**Available data:**
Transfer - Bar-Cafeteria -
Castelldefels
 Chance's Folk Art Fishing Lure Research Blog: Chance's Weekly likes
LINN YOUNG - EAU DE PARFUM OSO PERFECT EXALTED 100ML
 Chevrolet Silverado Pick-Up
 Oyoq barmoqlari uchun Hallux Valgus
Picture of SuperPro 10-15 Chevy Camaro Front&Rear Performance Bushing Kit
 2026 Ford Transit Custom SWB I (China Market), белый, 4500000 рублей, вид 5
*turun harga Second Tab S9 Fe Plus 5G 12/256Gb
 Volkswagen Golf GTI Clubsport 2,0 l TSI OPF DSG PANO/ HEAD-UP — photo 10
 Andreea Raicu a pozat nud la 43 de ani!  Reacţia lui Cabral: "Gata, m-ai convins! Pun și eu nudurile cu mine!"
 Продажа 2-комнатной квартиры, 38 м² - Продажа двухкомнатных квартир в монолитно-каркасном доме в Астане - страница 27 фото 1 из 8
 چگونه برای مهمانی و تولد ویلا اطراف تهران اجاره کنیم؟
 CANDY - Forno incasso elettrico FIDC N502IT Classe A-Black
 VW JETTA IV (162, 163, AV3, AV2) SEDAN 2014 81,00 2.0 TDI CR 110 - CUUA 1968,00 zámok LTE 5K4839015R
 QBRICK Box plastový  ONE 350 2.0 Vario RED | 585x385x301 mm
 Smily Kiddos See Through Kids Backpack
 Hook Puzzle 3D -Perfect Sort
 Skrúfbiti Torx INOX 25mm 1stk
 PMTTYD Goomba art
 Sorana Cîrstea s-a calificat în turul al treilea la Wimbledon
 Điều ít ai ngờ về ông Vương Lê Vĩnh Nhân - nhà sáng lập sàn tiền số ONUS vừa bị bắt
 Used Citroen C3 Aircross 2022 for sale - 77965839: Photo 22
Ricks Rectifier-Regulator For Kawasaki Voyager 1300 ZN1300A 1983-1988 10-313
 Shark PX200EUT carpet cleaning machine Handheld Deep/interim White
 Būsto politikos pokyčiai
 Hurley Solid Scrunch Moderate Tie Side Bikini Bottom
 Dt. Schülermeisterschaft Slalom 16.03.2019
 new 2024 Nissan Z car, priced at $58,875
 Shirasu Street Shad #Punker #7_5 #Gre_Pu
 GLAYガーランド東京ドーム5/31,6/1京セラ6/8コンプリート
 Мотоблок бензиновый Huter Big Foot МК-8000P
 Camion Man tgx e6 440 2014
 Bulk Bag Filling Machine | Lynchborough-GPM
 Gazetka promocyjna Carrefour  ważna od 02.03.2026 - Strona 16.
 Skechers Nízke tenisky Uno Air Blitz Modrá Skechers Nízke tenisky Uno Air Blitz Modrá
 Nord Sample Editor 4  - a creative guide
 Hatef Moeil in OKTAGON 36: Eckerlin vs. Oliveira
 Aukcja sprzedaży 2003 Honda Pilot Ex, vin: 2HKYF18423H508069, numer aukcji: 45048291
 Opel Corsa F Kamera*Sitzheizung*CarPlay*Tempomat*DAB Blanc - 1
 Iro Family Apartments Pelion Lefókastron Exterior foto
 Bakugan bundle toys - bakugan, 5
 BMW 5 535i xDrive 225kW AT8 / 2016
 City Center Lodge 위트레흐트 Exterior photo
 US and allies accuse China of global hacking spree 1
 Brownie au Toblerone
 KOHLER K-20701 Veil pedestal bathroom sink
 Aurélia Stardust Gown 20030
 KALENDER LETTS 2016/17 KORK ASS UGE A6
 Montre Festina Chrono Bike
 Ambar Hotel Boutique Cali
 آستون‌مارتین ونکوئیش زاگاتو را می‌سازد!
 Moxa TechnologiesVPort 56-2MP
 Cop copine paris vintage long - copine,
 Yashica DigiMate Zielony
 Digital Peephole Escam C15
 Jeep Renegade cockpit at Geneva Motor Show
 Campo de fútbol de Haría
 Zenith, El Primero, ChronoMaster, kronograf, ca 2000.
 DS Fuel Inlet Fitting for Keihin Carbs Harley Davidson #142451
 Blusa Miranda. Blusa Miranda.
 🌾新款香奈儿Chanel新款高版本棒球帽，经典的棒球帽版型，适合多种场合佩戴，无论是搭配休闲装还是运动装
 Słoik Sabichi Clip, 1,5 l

**What the task requires:**
What you give back should be only the lines of the records above, starting at the line with "Skechers Nízke tenisky Uno Air Blitz Modrá Skechers" and ending at the line with "Zenith, El Primero, ChronoMaster, kronograf, ca", restated word for word.

**Exercise answer:**
 Skechers Nízke tenisky Uno Air Blitz Modrá Skechers Nízke tenisky Uno Air Blitz Modrá
 Nord Sample Editor 4  - a creative guide
 Hatef Moeil in OKTAGON 36: Eckerlin vs. Oliveira
 Aukcja sprzedaży 2003 Honda Pilot Ex, vin: 2HKYF18423H508069, numer aukcji: 45048291
 Opel Corsa F Kamera*Sitzheizung*CarPlay*Tempomat*DAB Blanc - 1
 Iro Family Apartments Pelion Lefókastron Exterior foto
 Bakugan bundle toys - bakugan, 5
 BMW 5 535i xDrive 225kW AT8 / 2016
 City Center Lodge 위트레흐트 Exterior photo
 US and allies accuse China of global hacking spree 1
 Brownie au Toblerone
 KOHLER K-20701 Veil pedestal bathroom sink
 Aurélia Stardust Gown 20030
 KALENDER LETTS 2016/17 KORK ASS UGE A6
 Montre Festina Chrono Bike
 Ambar Hotel Boutique Cali
 آستون‌مارتین ونکوئیش زاگاتو را می‌سازد!
 Moxa TechnologiesVPort 56-2MP
 Cop copine paris vintage long - copine,
 Yashica DigiMate Zielony
 Digital Peephole Escam C15
 Jeep Renegade cockpit at Geneva Motor Show
 Campo de fútbol de Haría
 Zenith, El Primero, ChronoMaster, kronograf, ca 2000.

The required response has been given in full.